The problem with talking about rape is that it brings up a lot of painful issues that most people would rather not discuss. One of the reasons that women are reluctant to go to court is that the trial is too difficult and painful to deal with since women are basically put on trail for what's happened to prove that they were raped. Seriously have you ever looked at what happens during a rape trail? Of course not because in your world where everything is black and white everything would make perfect sense and good would prevail over evil. The term "victim on trial" means might be a concept that you may not understand.

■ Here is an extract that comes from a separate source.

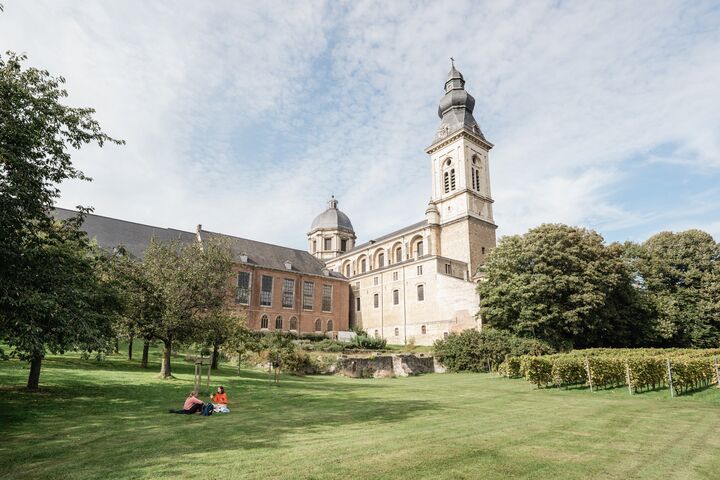 St Peter’s Abbey is partly occupied by cultural, historical and photographic exhibitions organized by Historical Houses Ghent. You can use the other halls "Kapittelzaal" and "Refter" for public or private events. The "Bibliotheekzolder" is located outside of the tourist circuit, therefore giving you the opportunity to use it during the daytime. This room is suitable for concerts, lectures, receptions and dinners. show all pictures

While a little forethought and common sense isn't necessarily something that will prevent every bad thing from happening to a person, it does do more than one might expect. Even if someone puts them self in a place where they can become a victim, that in no way justifies what an aggressor does but it is completely stupid for someone to think that they can put themselves in compromising situations and nothing will ever happen to them. It's even more pathetic that people try to act like they care about victims but don't want to tell people that maybe you might just want examine everything that lead to an event instead of ignoring every factor except the crime.

Of course I know this will be analyzed for every little mistake but if you don't understand the gist that:
1. Rape is wrong and it's always the aggressors fault.
2. The world isn't a very nice place.
3. Being intelligent and assertive is a good defense from crime even though it doesn't protect a person from everything
4. That putting yourself in a stupid position opens you up to being a victim
5. (i could make tons of points) And last but not least, if you don't understand the last 4 points you are a dummy and not to tell people about those 4 points is morally wrong.
 
You're obviously not reading anyone's responses in this thread if you still think that way. darkangel cited personal instances where men she knew well and had been friends with for a long time and TRUSTED took advantage of and betrayed her, but you must have skipped over what she said. So, she's an idiot and now to prepare and better make herself "strong" you're basically saying she shouldn't get close to anyone in her life because it was a stupid choice to put herself in harms way like that. I'm really really sorry, but that's disgusting to think like that.